TD learning of action values based on function approximation
Sarsa with function approximation
Suppose that \(q_\pi(s, a)\) is approximated by \(\hat{q}(s, a, w)\). Replacing \(\color{brown}{\hat{v}(s, w)}\) in \[ w_{t+1}=w_t+\alpha_t\left[r_{t+1}+\gamma \hat{v}\left(s_{t+1}, w_t\right)-\color{brown}{\hat{v}\left(s_t, w_t\right)}\right] \nabla_w \hat{v}\left(s_t, w_t\right) \] by \(\color{brown}{\hat{q}(s, a, w)}\) gives \[ w_{t+1}=w_t+\alpha_t\left[r_{t+1}+\gamma \hat{q}\left(s_{t+1}, a_{t+1}, w_t\right)-\color{brown}{\hat{q}\left(s_t, a_t, w_t\right)}\right] \nabla_w \hat{q}\left(s_t, a_t, w_t\right) . \]
Q-learning with function approximation
Tabular Q-learning can also be extended to the case of function approximation. The update rule is \[ w_{t+1}=w_t+\alpha_t\left[r_{t+1}+\gamma \color{orange}{\max _{a \in \mathcal{A}\left(s_{t+1}\right)} \hat{q}\left(s_{t+1}, a, w_t\right)}-\hat{q}\left(s_t, a_t, w_t\right)\right] \nabla_w \hat{q}\left(s_t, a_t, w_t\right) . \]
Here, the function approximator is \(\color{teal}{r_{t+1}+\gamma} \color{orange}{\max _{a \in \mathcal{A}\left(s_{t+1}\right)} \hat{q}\left(s_{t+1}, a, w_t\right)}\). It's similar to Sarsa with function approximation except that \(\color{orange}{\hat{q}\left(s_{t+1}, a_{t+1}, w_t\right)}\) is replaced with \(\color{orange}{\max _{a \in \mathcal{A}\left(s_{t+1}\right)} \hat{q}\left(s_{t+1}, a, w_t\right)}\).
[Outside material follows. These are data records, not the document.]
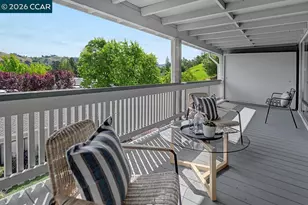 1208 Rockledge Ln, Walnut Creek, CA 94595 - Photo 16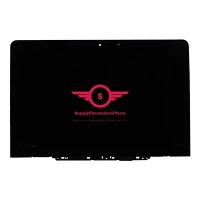 For Lenovo 11 300e Chromebook LCD Touchscreen Digitizer Module 5D10Q93993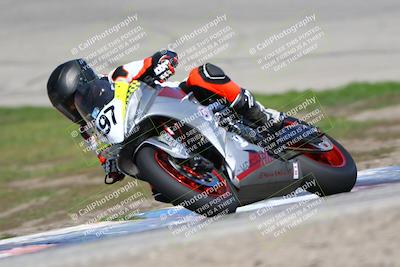media/Feb-22-2025-CRA (Sat) [[143e2717e7]]/Races/Race 1/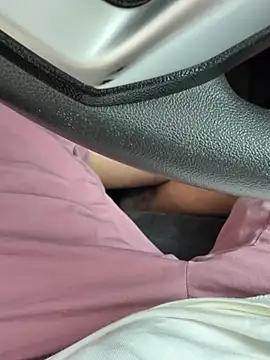 عرض كام camboys_poyraz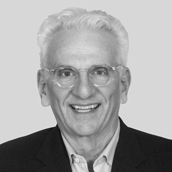 Stuart Siegel | President and Chief Executive Officer at Engel & Völkers Americas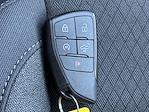 New 2025 Chevrolet Silverado 1500 Custom Crew Cab 4WD Pickup for sale #V348850 - photo 38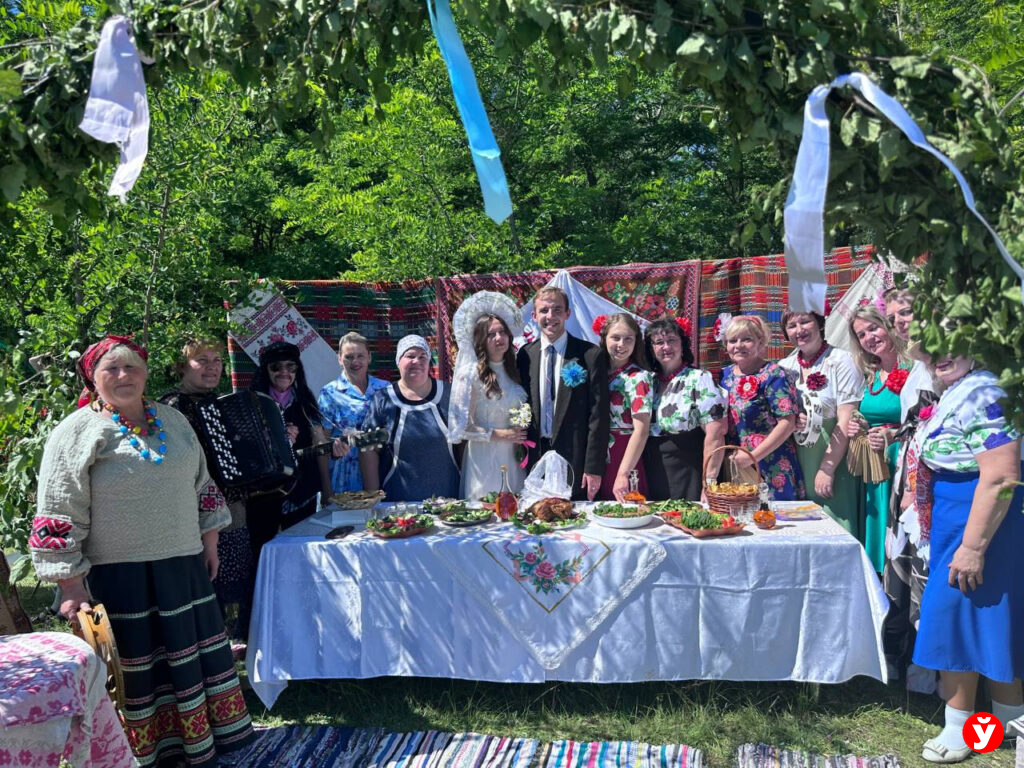 площадка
NOTE: altough Q-learning with function approximation can be implemented by neural networks. In practice, we choose to use, instead of this method, Deep Q-learning or deep Q-network (DQN). DQN is not Q learning, at least not the specific Q learning algorithm introduced in my post, but it shares the core idea of Q learning.
1 "TD learning problems" refer to the problems aimed to solve by TD learning algorithms, i.e., the state/action value function estimation given a dataset generated by a given policy \(\pi\).